| What is required |
Copy, word for word, the lines of the entries below between the one with "Used 2024 Ford" and the one with "בית מלון כפרי", inclusive, and leave out everything else.

── Extracted information ──

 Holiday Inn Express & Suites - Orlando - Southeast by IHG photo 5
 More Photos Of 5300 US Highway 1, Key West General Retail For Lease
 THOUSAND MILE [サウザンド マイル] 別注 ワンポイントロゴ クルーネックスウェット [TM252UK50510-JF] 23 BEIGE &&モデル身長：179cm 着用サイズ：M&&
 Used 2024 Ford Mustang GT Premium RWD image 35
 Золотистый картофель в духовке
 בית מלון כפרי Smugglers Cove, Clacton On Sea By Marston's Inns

───
── Extracted information ──

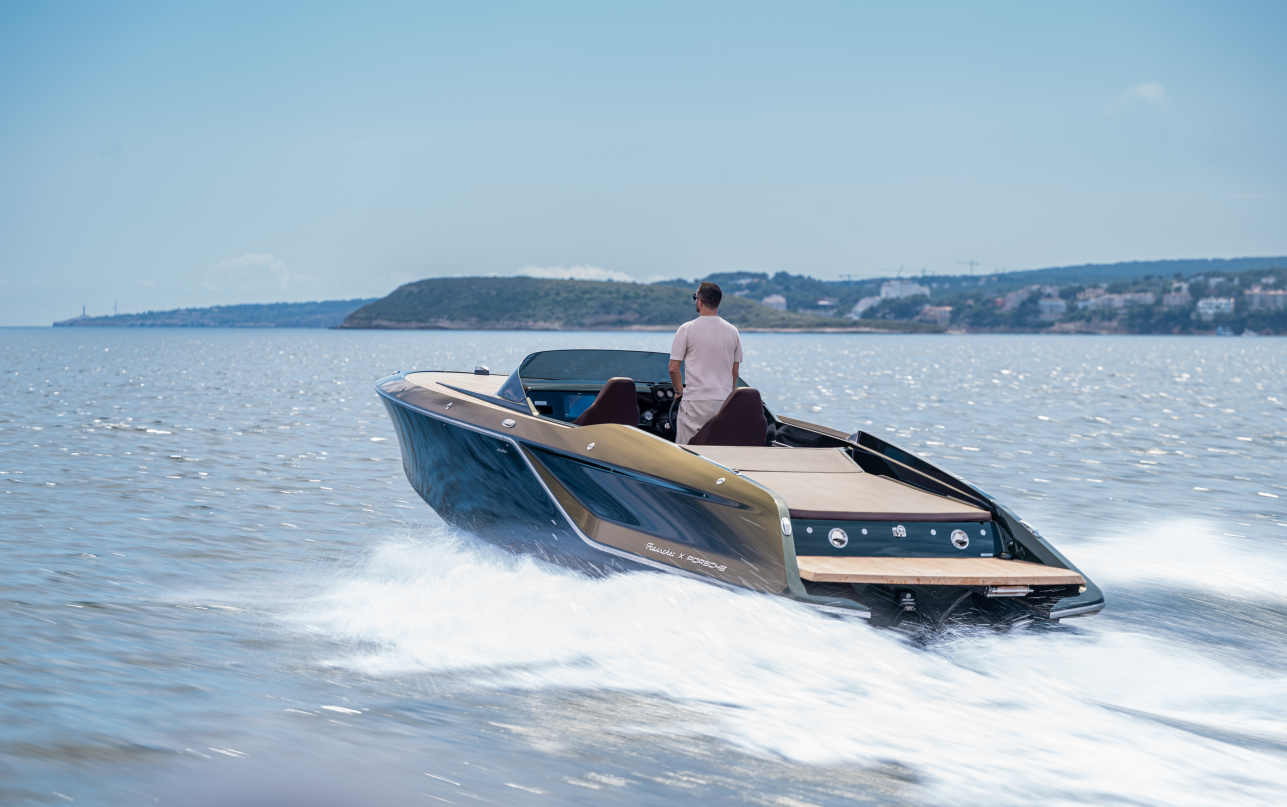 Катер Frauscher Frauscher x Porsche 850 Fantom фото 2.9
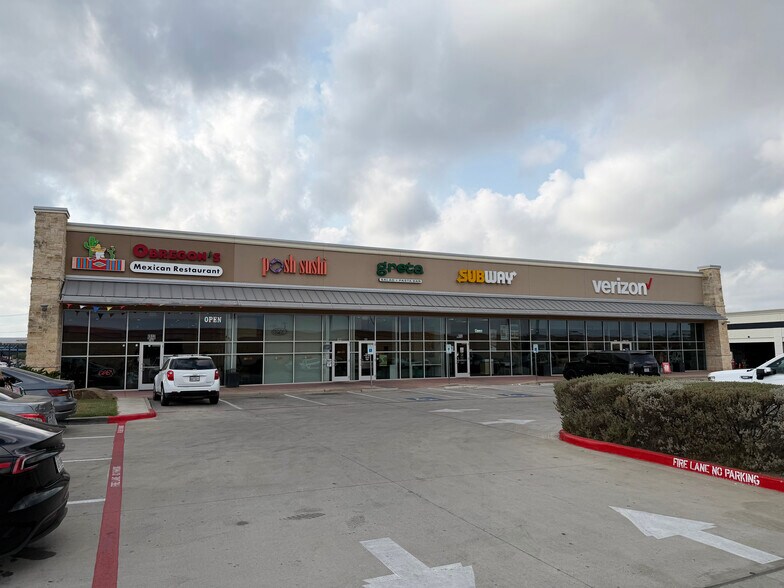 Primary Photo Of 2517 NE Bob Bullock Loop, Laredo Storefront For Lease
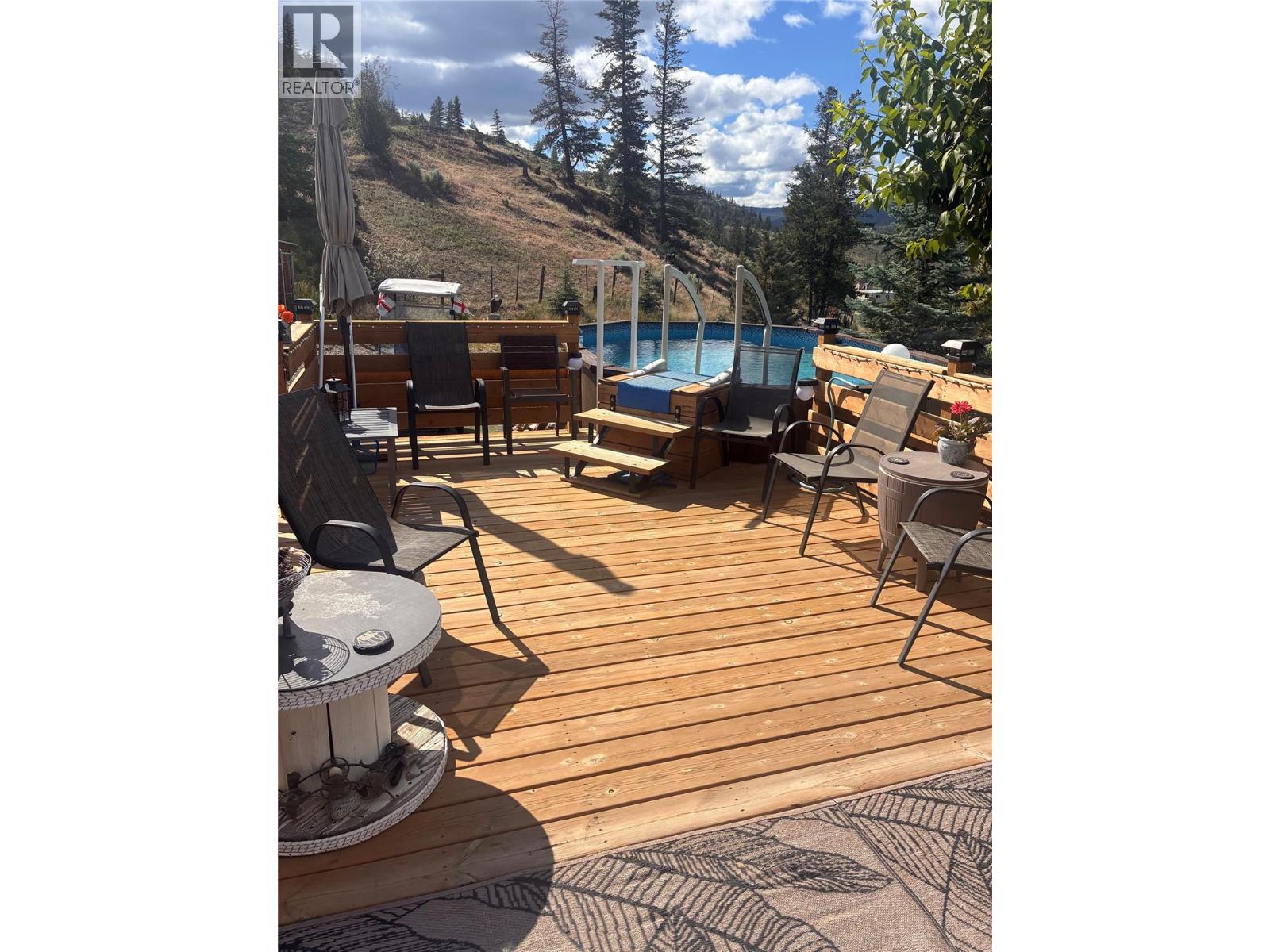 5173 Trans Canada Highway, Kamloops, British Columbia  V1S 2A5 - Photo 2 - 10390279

───

| The completed task |
 Used 2024 Ford Mustang GT Premium RWD image 35
 Золотистый картофель в духовке
 בית מלון כפרי Smugglers Cove, Clacton On Sea By Marston's Inns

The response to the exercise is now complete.